● TASK ITEM
Print the line containing "Convites Foto da" and all lines after it to the end of the records below, exactly as written. No pictures.

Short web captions
BEGIN

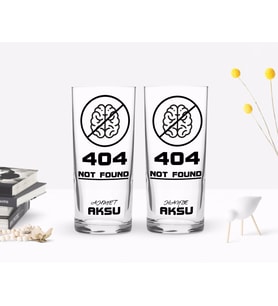 BK Gift Kişiye Özel Renkli Baskılı 404 Not Found Tasarımlı İkili Rakı Bardağı Seti-1 (Beyaz)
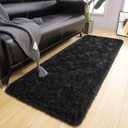 LOCHAS Ultra Soft Indoor Modern Area Rugs Fluffy Living Room Carpets for Children Bedroom Home Decor Nursery Rug 2x8 Feet, Black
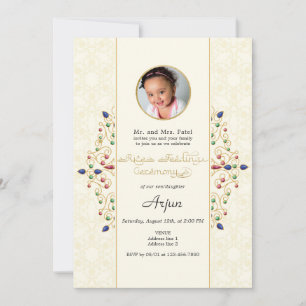 Convites Foto da Primeira Cerimônia de Arroz de Annaprashan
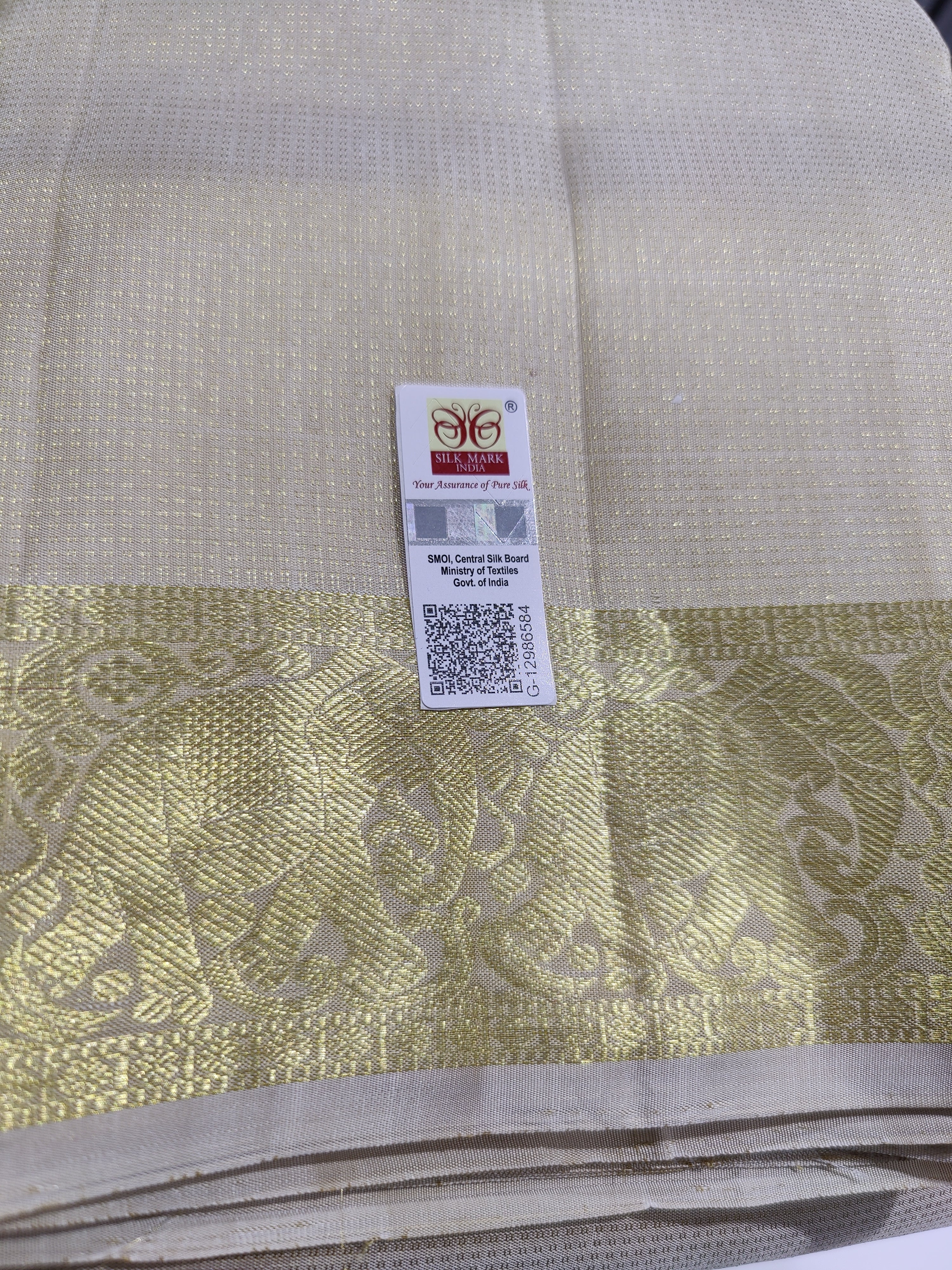 "Gold Kanjivaram Silk Dhoti with Elephant Border – Wedding Collection for Men"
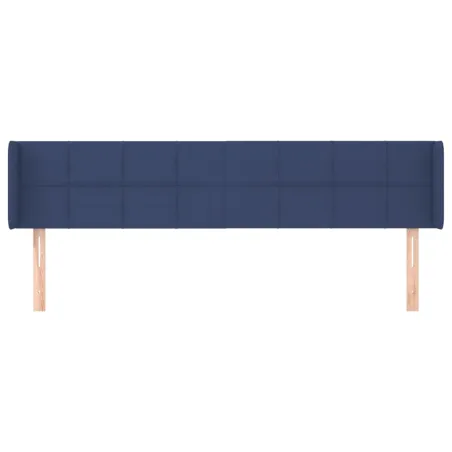 Tête de lit avec oreilles Bleu 203x16x78/88 cm Tissu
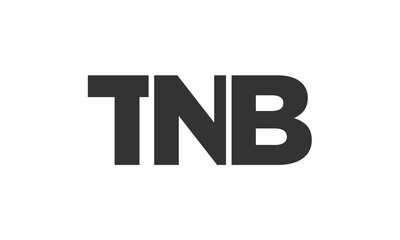 TNB logo design template with strong and modern bold text. Initial based vector logotype featuring simple and minimal typography. Trendy company identity.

END

● RESULT OF THE TASK
 Convites Foto da Primeira Cerimônia de Arroz de Annaprashan
 "Gold Kanjivaram Silk Dhoti with Elephant Border – Wedding Collection for Men"
 Tête de lit avec oreilles Bleu 203x16x78/88 cm Tissu
 TNB logo design template with strong and modern bold text. Initial based vector logotype featuring simple and minimal typography. Trendy company identity.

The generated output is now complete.